Williams’ art is predictably gorgeous, particularly the neat trick of adopting different styles for drawing Kate/Batwoman, Bette, Sawyer and Chase, which emphasises the feel of different storylines converging and colliding. And the panel borders featuring Batwoman facing off against the Weeping Woman, which change from jagged lines (Kate’s side) to fluid Art Nouveau-esque boundaries. But great art alone doesn’t make a comic a must-buy, particularly as Williams is taking a break from drawing the series after this issue. It’s good, y’know? I just wish it could be better.
Mudman #1 & #2
Paul Grist (Writer/Artist), Bill Crabtree (Colours)
Writer/artist Grist delivers an unashamedly British take on superheroes in the first two issues of this new series. It has a clean-cut “kids’ comics” sense of storytelling that manages to be more alive and enjoyable than the sex’n’gore “mature” cape books that make up a lot of current DC/Marvel output.
Grist’s deliberately basic art camouflages an excellent grasp of visual storytelling and panel composition. And the dialogue is very funny, whether doing a Grange Hill-style take on the schoolboy hero’s civilian life, or fleshing out two seemingly-disposable criminals in issue #2. It’s great fun, and I’m onboard for the duration.
Lobster Johnson: The Burning Hand #1
Mike Mignola, John Arcudi (Co-writers), Tonci Zonjic (Artist), Dave Stewart (Colours), Clem Robins (Letters)
Publisher: Dark Horse
Hellboy and the surrounding universe is kind of a blind spot for me, mostly because the main series and its spin-offs present such a daunting amount of comics to get stuck into. I picked this up on a whim after hearing about the ridiculously talented Tonci Zonjic on art. I wasn’t disappointed. The story’s set in the 1930s/40s, which gives Zonjic a chance to cut loose with his wonderful clear-line cartooning, while incorporating vintage pulp-noir stylings; guys in fedoras, dames in cloche hats.
The story itself is neither here nor there - you get a breif glimpse of Lobster Johnson, the ostensible “hero” of the piece, but the His Girl Friday-style female journalist gets central billing in this first issue. There’s definite potential for a decent story here, but right now I’m buying it as an art showcase, and Zonjic is more than up to the task.
Ed Brubaker (Writer), Sean Phillips (Artist), Dave Stewart (Colours)

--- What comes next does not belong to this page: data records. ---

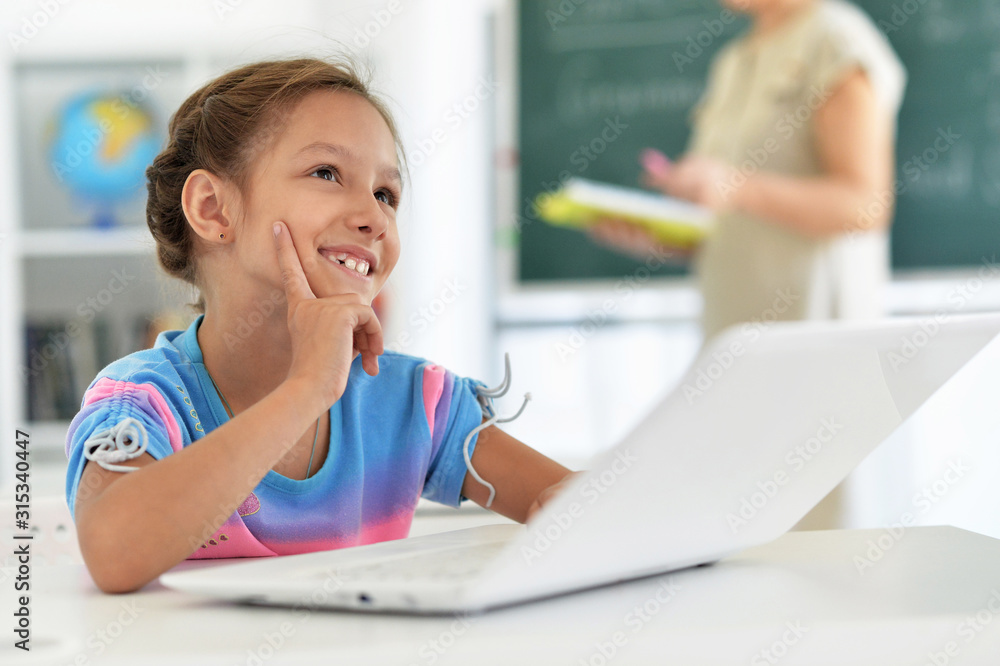 Emotional cute girl using laptop at school Emotional cute girl using laptop at school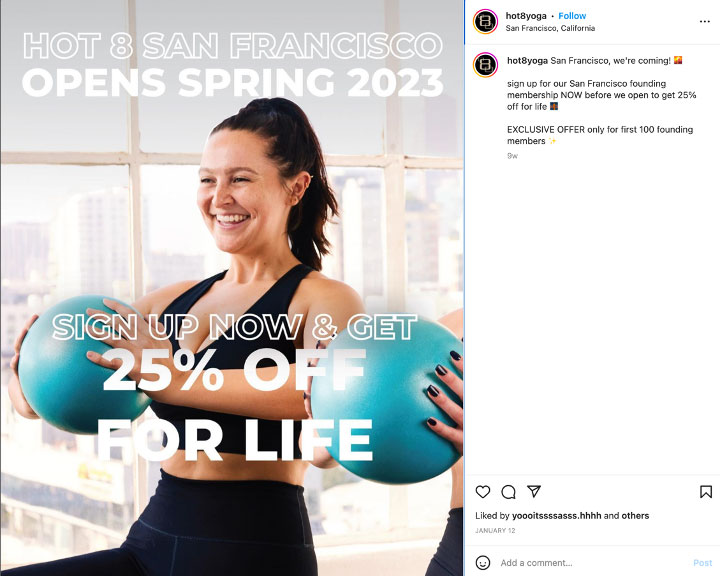 Woman smiling while holding exercise balls, promoting Hot 8 Yoga’s opening with a 25% off lifetime offer.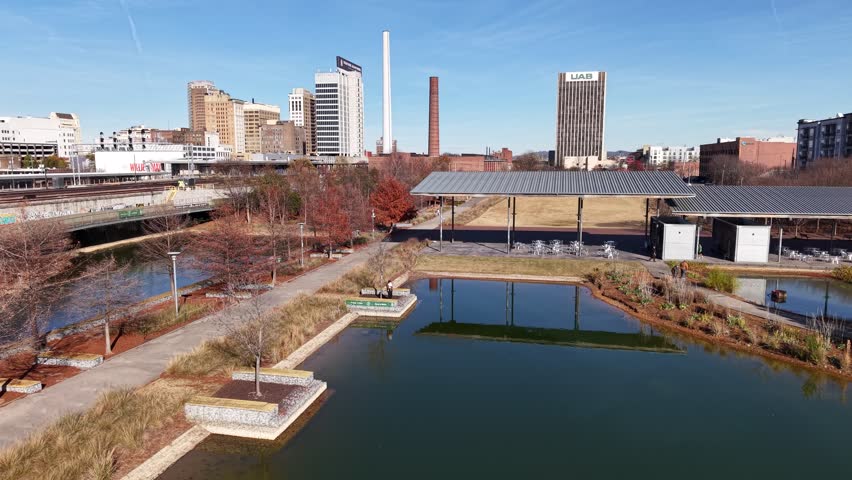Stunning 4K drone footage of Railroad Park in Birmingham, AL, showcasing green spaces and urban skyline. Ideal for city life, nature, or travel projects.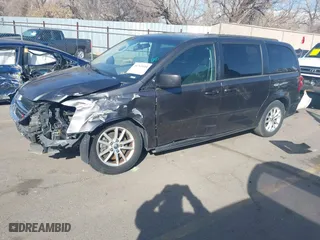 2016 Dodge Grand Caravan SXT with VIN 2C4RDGCG2GR265774, listed as a IAAI auction lot 41763444 with 142,700 mi miles. Bid and sale history available at carsss.com. Image 2.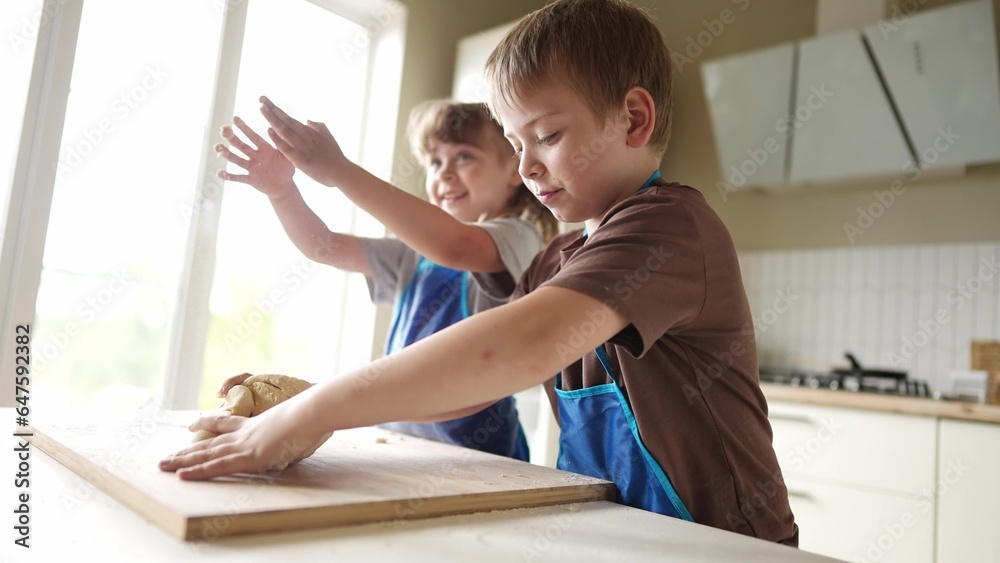 Fototapeta premium children kids making dough in the kitchen. baby boy cook in the kitchen knead dough and flour lifestyle indoors. happy family kid dream concept. bake children play cooking dough together at home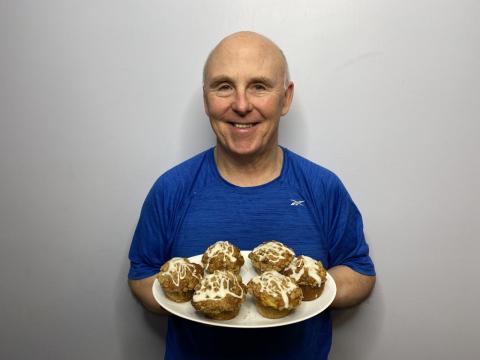 Image of Chef Rob holding Peach Muffins with a Streusel Topping. 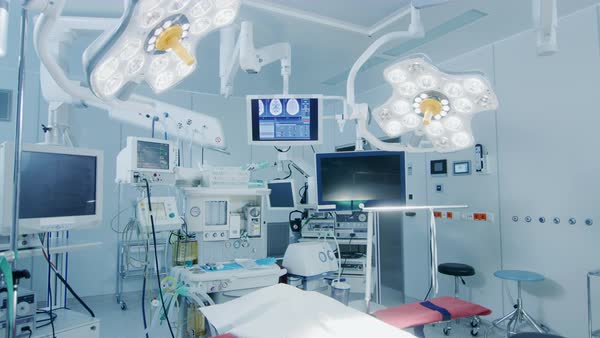 Establishing shot of technologically advanced operating room with no ...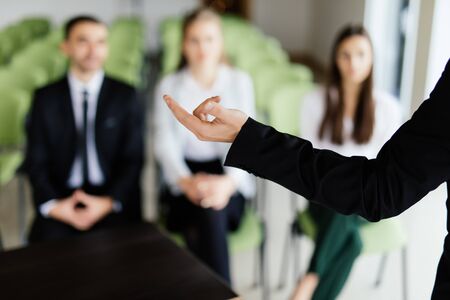 Hands of speker at meeting of team in office.の写真素材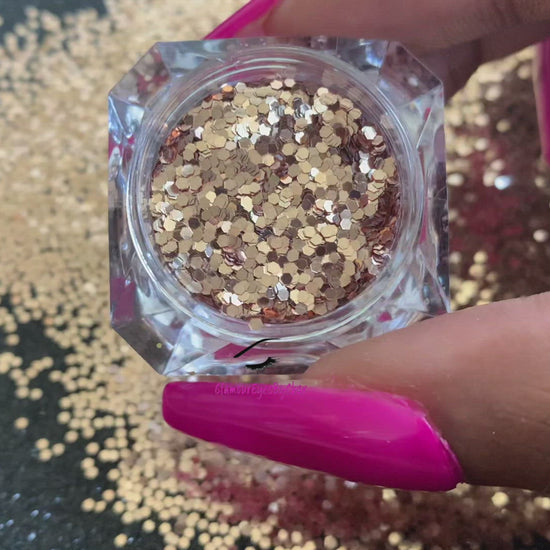 This glitter is called Pot of Gold and is part of the simple glitter collection. It consists of champagne gold glitter with a beautiful sparkle. Flake size is larger than fine and extra fine glitter. Blush can be used for your face, body, hair and nails. Comes in 5g jars only.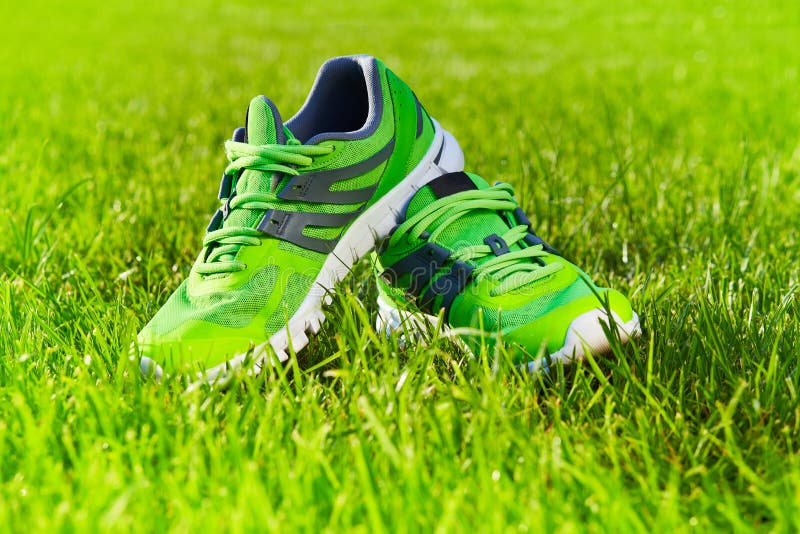 Close up new pairs of green running shoes / sneaker shoes on green grass field in the park. With space for text or design. Close up new pairs of green running shoes / sneaker shoes on green grass field in the park. With space for text or design
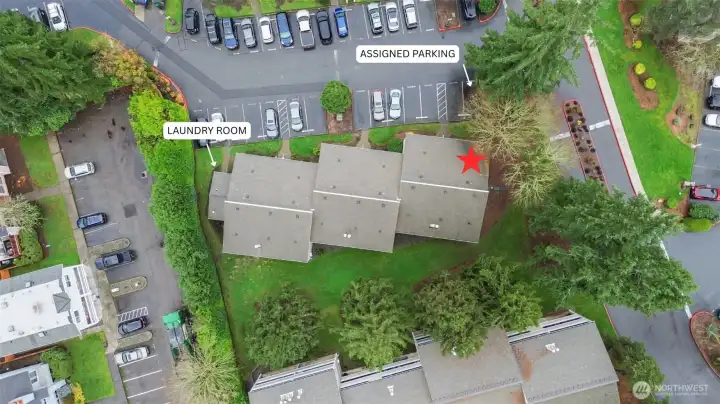 Assigned unit parking spot steps from the front door, community EV charging, and guest parking lot conveniently located directly across from the condo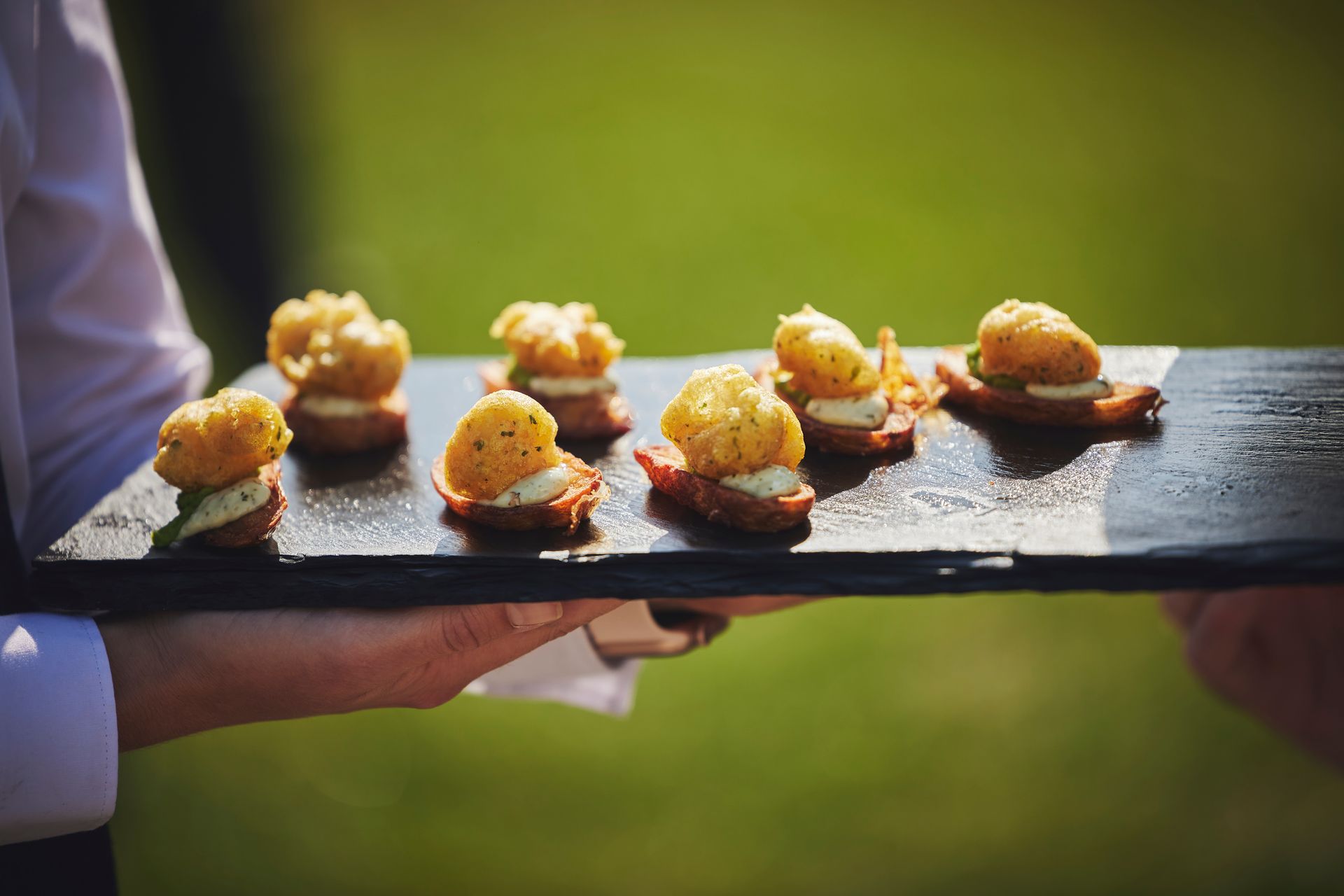 a person is holding a tray of food in their hand .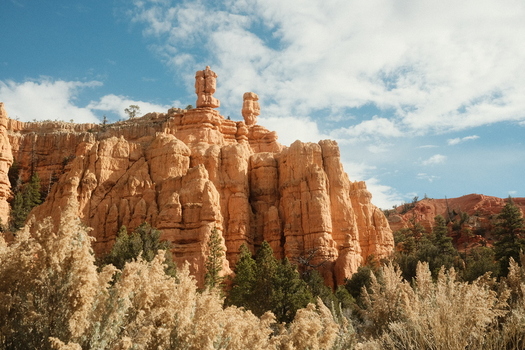 View of the iconic red rock hoodoos and sandstone cliffs of Bryce Canyon National Park surrounded by green pine trees under a blue sky Utah United States. View of the iconic red rock hoodoos and sandstone cliffs of Bryce Canyon National Park surrounded by green pine trees under a blue sky Utah United States.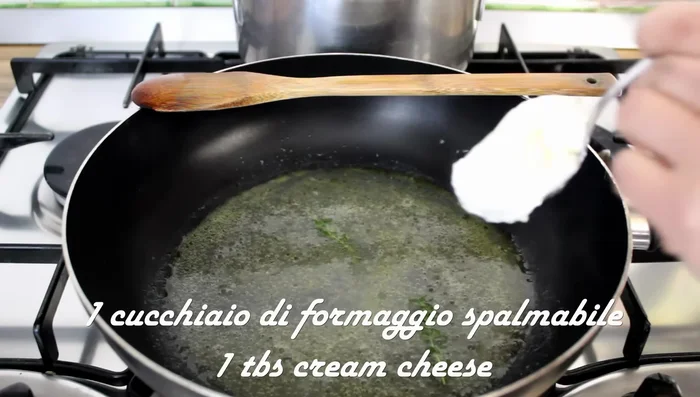 Add a spoonful of spreadable cheese and let it melt over low heat.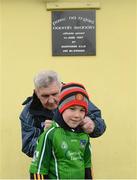 13 January 2013; Aidan O'Malley, age 7, from St. Senan's GAA Club, Foynes, Co. Limerick, has his jersey signed by Clare manager Mick O'Dwyer ahead of the game. McGrath Cup Quarter-Final, Limerick v Clare, Pairc na nGael, Foynes, Co. Limerick. Picture credit: Stephen McCarthy / SPORTSFILE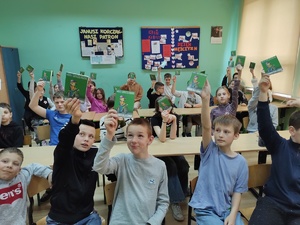 zdjęcie kolorowe uczniowie trzymają w podniesionych do góry rękach książeczki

Brubaker and Phillips’ latest series is billed as a departure from the regular crime-fiction fare. Not so much, from the latest issue; it’s a very noirish story so far, with some occasional horror flourishes to let us know it’s not a Criminal story. This first issue suffers in comparison to the excellent “Last Of The Innocent" Criminal arc, which was one of the best stories Brubaker/Phillips have ever done.
This drop-off is mostly due to the fact that this issue is split between two stories, a present-day prologue featuring one of Brubaker’s archetypal noir heroes and the mysterious titular femme fatale Josephine, and a 1950s crime story with Josephine involved with a crusading journalist and a corrupt detective.
The creative team work predictably well in tandem, matching Brubaker’s moody noir narration with Phillips’ shadowy art. Phillips doesn’t vary his style as much as on ”Last Of The Innocent”, but he still stages some excellent talky scenes and action sequences, equally at ease with 2010s and 1950s America. This first issue may not have set my world on fire, but there’s potential here. And I trust Brubaker/Phillips enough to stick with this series.